This is where language understanding comes in, using AI models to interpret text and return the details that are needed, for example being able to take both "Set a 3 minute timer" and "Set a timer for 3 minutes", and understand that a timer is required for 3 minutes.
In this lesson you will learn about language understanding models, how to create them, train them, and use them from your code.
In this lesson we'll cover:
- Language understanding
- Create a language understanding model
- Intents and entities
- Use the language understanding model
Language understanding
Humans have used language to communicate for hundreds of thousands of years. We communicate with words, sounds, or actions and understand what is said, both the meaning of the words, sounds or actions, but also their context. We understand sincerity and sarcasm, allowing the same words to mean different things depending on the tone of our voice.
✅ Think about some of the conversations you have had recently. How much of the conversation would be hard for a computer to understand because it needs context?

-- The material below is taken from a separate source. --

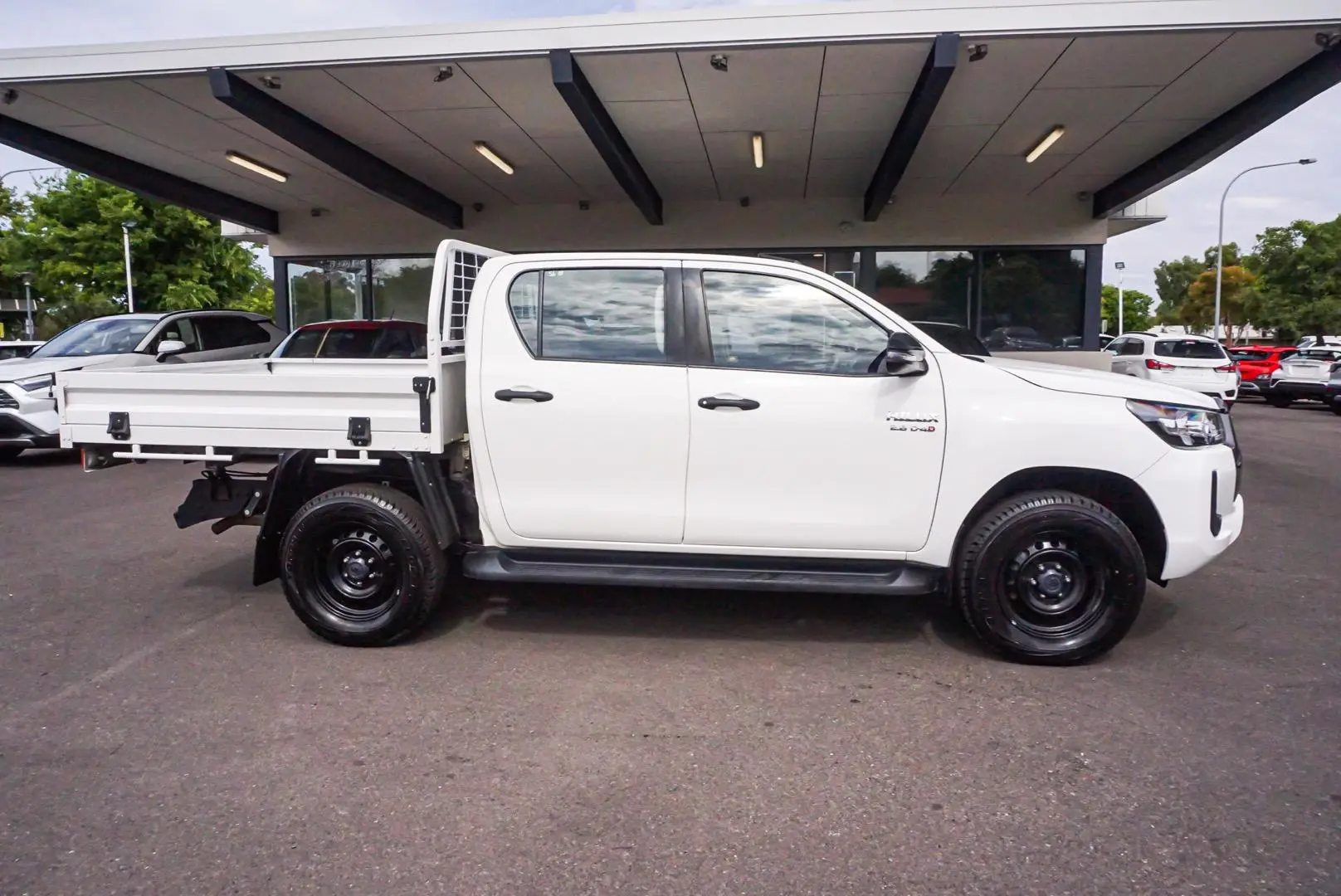 2021 Toyota Hilux Gallery Image 4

Language understanding, also called natural-language understanding is part of a field of artificial intelligence called natural-language processing (or NLP), and deals with reading comprehension, trying to understand the details of words or sentences. If you use a voice assistant such as Alexa or Siri, you have used language understanding services. These are the behind-the-scenes AI services that convert "Alexa, play the latest album by Taylor Swift" into my daughter dancing around the living room to her favorite tunes.
💁 Computers, despite all their advances, still have a long way to go to truly understand text. When we refer to language understanding with computers, we don't mean anything anywhere near as advanced as human communication, instead we mean taking some words and extracting key details.
As humans, we understand language without really thinking about it. If I asked another human to "play the latest album by Taylor Swift" then they would instinctively know what I meant. For a computer, this is harder. It would have to take the words, converted from speech to text, and work out the following pieces of information:
- Music needs to be played
- The music is by the artist Taylor Swift
- The specific music is a whole album of multiple tracks in order
- Taylor Swift has many albums, so they need to be sorted by chronological order and the most recently published is the one required
✅ Think of some other sentences you have spoken when making requests, such as ordering coffee or asking a family member to pass you something. Try to break then down into the pieces of information a computer would need to extract to understand the sentence.
Language understanding models are AI models that are trained to extract certain details from language, and then are trained for specific tasks using transfer learning, in the same way you trained a Custom Vision model using a small set of images. You can take a model, then train it using the text you want it to understand.
Create a language understanding model
You can create language understanding models using LUIS, a language understanding service from Microsoft that is part of Cognitive Services.
Task - create an authoring resource
To use LUIS, you need to create an authoring resource.
-
Use the following command to create an authoring resource in your
smart-timer
resource group:az cognitiveservices account create --name smart-timer-luis-authoring \ --resource-group smart-timer \ --kind LUIS.Authoring \ --sku F0 \ --yes \ --location <location>
Replace
<location>
with the location you used when creating the Resource Group.⚠️ LUIS isn't available in all regions, so if you get the following error:
InvalidApiSetId: The account type 'LUIS.Authoring' is either invalid or unavailable in given region.
pick a different region.
This will create a free-tier LUIS authoring resource.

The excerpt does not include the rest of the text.